Another thing that is evident beneath the surface of Dante's work, foreign as it may be to us now, is the orientation characteristic of the Middle Ages whereby people are guided "by a spiritual compass rather than a physical one." In other words, Dante's map was in a way spiritually correct, i.e. it resonated with a spiritual truth; regardless of the fact that we know that physically it makes no sense. (We have been to the moon, and we have not passed God on the way.) Other examples from the time, like the mappae mundi, represent completely warped landmasses with Jerusalem at the center. This makes a different kind of sense. And it is quite amazing to realize how foreign this type of thinking is to us now. Much has changed in our worldview; and yet we can never seem to imaging any other kind of thinking being possible than the worldview we currently hold. Thus is the nature of a paradigm. As Wertheim writes,
A major problem, I suggest, is that the very questions raised here are quintessentially modern. They are framed within the context of our purely physicalist paradigm, which was quite alien to the medieval mind-set. When we ask if Dante 'really' believed in a set of heavenly spheres or a hellish chasm inside the earth, we are asking questions about physical space. In our minds we start wondering how far above the earth the lunar sphere would be. How far below the surface would the second circle of Hell be found? At what longitude might Purgatory be? We do this because we cannot help it. Our minds have been so trained - so brainwashed - to think of space in purely physical terms, it is almost impossible for us to think in any other way. It is not just that we have been to the moon and found no crystal spheres, or that we have circumnavigated the globe and found no terraced mountain; we simply cannot imagine a place being 'real' unless it has a mathematically precise location in physical space (69).
In Dante's time, it was possible to perform what we might think of today as amazing feats of intellectual acrobatics. Dante used somewhat familar means - geometry - but to bizarre ends, coupled with poetic language. "Passing through 'the skin of the universe' the virtual Dante looks out to see a Blazing Point of light around which circle nine rings of fire: God and the angelic orders symbolically rendered in light. Here, all directions and all dimensions fuse: 'the Burning Point is not only the center, the innermost, but also the highest, the outermost' reference. In this single point of infinite love is contained the whole of time and space" (72-3).
The key to this creative interpretation of religious experience is that "Body-space and soul-space have been melded into one-space. The mystery is beyond intellection" (73).

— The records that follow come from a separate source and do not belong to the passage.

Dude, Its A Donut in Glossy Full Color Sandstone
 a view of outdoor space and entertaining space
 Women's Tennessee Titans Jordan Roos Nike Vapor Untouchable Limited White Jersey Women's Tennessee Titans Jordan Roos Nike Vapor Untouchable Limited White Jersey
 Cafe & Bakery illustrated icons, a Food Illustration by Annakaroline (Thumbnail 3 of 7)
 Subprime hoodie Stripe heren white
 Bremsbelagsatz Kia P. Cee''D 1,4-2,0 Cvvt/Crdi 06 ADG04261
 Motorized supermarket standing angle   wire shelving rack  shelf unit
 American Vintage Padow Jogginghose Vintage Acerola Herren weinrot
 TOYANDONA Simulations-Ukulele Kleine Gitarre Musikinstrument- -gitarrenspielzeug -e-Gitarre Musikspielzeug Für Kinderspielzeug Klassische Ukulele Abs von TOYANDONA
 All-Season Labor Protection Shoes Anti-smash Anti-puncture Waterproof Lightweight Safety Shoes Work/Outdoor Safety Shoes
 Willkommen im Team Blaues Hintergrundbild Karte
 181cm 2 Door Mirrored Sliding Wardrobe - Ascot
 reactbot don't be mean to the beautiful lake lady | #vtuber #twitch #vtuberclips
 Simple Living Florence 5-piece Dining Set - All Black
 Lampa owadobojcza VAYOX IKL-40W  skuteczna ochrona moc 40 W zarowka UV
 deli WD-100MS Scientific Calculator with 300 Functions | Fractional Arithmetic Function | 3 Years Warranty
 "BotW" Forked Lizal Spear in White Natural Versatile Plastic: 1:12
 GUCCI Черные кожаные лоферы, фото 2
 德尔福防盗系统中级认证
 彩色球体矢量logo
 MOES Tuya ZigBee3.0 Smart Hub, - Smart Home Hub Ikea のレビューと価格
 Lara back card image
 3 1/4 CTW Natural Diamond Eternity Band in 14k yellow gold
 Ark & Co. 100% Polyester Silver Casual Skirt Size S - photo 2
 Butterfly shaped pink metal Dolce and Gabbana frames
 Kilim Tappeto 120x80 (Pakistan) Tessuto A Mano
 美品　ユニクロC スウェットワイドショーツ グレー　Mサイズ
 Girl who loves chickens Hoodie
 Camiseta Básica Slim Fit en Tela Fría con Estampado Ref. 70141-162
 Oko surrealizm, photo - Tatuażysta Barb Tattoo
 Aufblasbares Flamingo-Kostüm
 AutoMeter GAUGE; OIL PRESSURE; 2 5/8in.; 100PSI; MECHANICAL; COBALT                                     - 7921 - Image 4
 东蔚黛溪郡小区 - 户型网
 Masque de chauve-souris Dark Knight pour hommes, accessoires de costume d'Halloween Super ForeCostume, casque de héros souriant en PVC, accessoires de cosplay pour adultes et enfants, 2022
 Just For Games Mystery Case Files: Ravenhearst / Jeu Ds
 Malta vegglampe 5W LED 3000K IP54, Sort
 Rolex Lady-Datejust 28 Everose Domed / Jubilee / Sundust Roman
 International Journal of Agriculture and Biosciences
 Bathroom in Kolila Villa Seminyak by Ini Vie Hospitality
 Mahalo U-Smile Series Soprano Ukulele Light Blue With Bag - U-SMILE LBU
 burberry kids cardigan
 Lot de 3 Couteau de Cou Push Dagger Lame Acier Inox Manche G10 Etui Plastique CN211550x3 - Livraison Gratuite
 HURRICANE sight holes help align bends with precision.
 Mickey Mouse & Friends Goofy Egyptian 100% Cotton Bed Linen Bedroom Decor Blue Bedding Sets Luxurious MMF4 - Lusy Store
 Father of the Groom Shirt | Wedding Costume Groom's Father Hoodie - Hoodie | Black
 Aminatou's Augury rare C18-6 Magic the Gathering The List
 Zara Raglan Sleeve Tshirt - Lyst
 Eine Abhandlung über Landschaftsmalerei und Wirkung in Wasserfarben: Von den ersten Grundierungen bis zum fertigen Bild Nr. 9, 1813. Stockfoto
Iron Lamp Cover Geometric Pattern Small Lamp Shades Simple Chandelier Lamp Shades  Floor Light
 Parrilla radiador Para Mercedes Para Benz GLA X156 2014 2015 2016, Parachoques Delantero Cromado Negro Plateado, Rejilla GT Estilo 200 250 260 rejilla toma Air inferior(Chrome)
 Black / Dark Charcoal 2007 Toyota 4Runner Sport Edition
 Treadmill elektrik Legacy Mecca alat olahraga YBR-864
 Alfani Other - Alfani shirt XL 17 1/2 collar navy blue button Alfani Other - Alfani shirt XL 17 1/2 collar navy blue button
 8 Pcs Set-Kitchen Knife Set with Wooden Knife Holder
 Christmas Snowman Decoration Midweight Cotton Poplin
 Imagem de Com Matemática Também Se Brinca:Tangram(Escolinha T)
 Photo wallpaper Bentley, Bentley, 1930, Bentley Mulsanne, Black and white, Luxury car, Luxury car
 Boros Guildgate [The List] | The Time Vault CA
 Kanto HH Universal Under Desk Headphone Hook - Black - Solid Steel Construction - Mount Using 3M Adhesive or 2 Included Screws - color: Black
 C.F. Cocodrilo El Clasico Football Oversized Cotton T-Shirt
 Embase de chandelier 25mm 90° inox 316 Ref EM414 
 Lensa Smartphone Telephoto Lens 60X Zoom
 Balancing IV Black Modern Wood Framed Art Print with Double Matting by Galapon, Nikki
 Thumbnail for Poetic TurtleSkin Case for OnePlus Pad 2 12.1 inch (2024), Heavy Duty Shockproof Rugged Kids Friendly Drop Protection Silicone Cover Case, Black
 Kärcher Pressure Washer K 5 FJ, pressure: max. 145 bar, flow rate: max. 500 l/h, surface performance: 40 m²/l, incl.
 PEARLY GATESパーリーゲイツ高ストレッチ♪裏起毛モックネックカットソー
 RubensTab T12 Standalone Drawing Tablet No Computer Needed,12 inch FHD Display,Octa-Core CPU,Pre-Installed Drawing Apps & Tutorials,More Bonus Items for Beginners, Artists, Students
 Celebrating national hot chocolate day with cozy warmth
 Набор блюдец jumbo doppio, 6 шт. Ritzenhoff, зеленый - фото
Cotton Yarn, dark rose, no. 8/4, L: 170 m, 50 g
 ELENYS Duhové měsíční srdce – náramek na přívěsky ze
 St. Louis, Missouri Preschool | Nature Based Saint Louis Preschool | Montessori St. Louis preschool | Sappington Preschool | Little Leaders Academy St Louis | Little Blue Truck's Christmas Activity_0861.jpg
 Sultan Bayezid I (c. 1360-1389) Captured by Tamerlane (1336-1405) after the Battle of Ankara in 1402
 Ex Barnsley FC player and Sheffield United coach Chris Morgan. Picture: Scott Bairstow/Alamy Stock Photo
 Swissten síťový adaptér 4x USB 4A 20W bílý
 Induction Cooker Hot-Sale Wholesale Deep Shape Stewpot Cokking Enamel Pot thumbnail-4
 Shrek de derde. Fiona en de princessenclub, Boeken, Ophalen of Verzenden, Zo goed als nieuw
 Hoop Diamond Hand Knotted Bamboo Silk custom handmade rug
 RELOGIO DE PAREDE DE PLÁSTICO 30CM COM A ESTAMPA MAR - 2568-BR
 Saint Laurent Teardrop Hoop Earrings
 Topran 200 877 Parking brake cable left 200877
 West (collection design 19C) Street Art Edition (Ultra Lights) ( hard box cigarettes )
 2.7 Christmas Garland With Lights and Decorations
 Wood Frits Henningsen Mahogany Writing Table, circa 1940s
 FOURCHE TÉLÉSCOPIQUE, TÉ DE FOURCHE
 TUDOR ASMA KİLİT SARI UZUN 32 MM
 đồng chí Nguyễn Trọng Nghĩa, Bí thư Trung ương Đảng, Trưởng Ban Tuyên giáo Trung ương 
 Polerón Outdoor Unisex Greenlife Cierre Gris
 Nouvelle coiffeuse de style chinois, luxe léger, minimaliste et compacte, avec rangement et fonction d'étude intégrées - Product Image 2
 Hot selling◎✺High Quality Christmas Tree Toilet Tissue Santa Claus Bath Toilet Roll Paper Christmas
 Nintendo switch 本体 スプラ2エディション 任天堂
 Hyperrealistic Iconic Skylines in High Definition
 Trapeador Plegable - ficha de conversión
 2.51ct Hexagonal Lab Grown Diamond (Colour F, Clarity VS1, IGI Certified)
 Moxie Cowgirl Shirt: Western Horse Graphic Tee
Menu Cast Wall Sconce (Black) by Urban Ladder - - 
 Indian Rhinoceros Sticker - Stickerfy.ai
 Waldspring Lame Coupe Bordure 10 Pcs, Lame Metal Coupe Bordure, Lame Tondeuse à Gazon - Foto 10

How foreign! How wonderful!
I get frustrated when people are so resigned to the state of things, poo-pooing alternative visions for our world with a simple, defeatist, "It's just the way things are." But as this example highlights, everything is a product of its time yet - or indeed, therefore - subject to change! This is why it is so important to be cognizant of the ways our technology is changing our very humanness! I am reminded of Marx's assertion that there is no such thing as 'human nature' per se, and that what we think of as being innate to our humanness is in fact historically situated. "Life," he argues, "is not determined by consciousness, but consciousness by life."
The question I am left wondering, however, is whether a spiritual conception of our world is actually possible when we live amongst technologies that so aggressively assert a scientific paradigm. How can we reconcile technologies with spirituality when the two embody entirely separate ways of thinking? I suppose the answer lies in the realization that what we really need is a paradigm shift, and entirely new way of thinking that allows for both, or for something new and more harmonious with our mental health and wellbeing.